Search code examples
parquetpyarrow

How can I change the name of a column in a parquet file using Pyarrow?


I have several hundred parquet files created with PyArrow. Some of those files, however, have a field/column with a slightly different name (we'll call it Orange) than the original column (call it Sporange), because one used a variant of the query. Otherwise, the data (all the other fields, and all the data) is identical. In a database world, I'd do an ALTER TABLE and rename the column. However, I don't know how to do that with parquet/PyArrow

Is there a way to rename the column in the file, rather than having to regenerate or duplicate the file?

Alternatively, can I read it (read_table or ParquetFile,I assume), change the column in the object (unsure how to do that) and write it out?

I see "rename_columns", but unsure how that works; I tried just using it by itself, it says "rename_columns is not defined".

rename_columns(self, names) Create new table with columns renamed to provided names.

Many thanks!


Solution

  • I suspect you are using a version of pyarrow that doesn't support rename_columns. Can you run pa.__version__ to check?

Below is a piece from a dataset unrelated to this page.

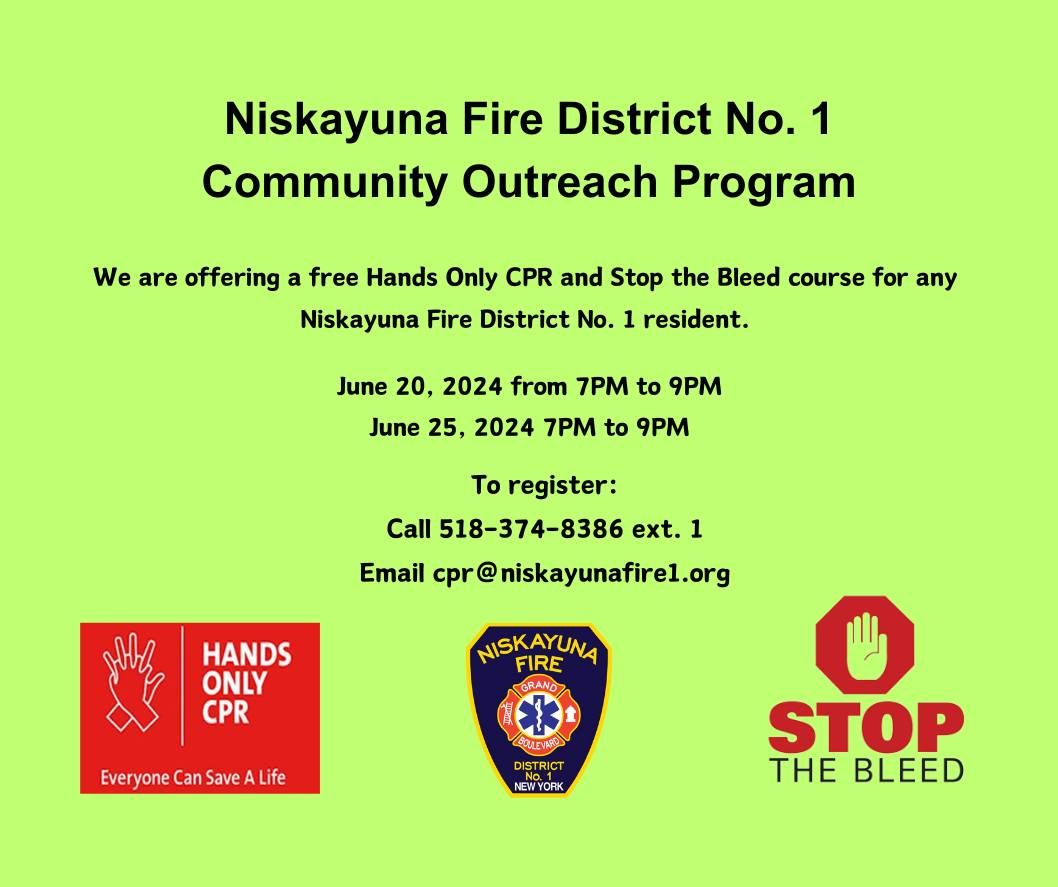 Free Hands Only CPR and Stop the Bleed Training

    Otherwise what you want to do is straightforward, in the example below I rename column b to c:

    import pyarrow as pa
    import pyarrow.parquet as pq
    
    col_a = pa.array([1, 2, 3], pa.int32())
    col_b = pa.array(["X", "Y", "Z"], pa.string())
    
    table = pa.Table.from_arrays(
        [col_a, col_b],
        schema=pa.schema([
            pa.field('a', col_a.type),
            pa.field('b', col_b.type),
        ])
    )
    
    pq.write_table(table, '/tmp/original')
    original = pq.read_table('/tmp/original')
    renamed = original.rename_columns(['a', 'c'])
    pq.write_table(renamed, '/tmp/renamed')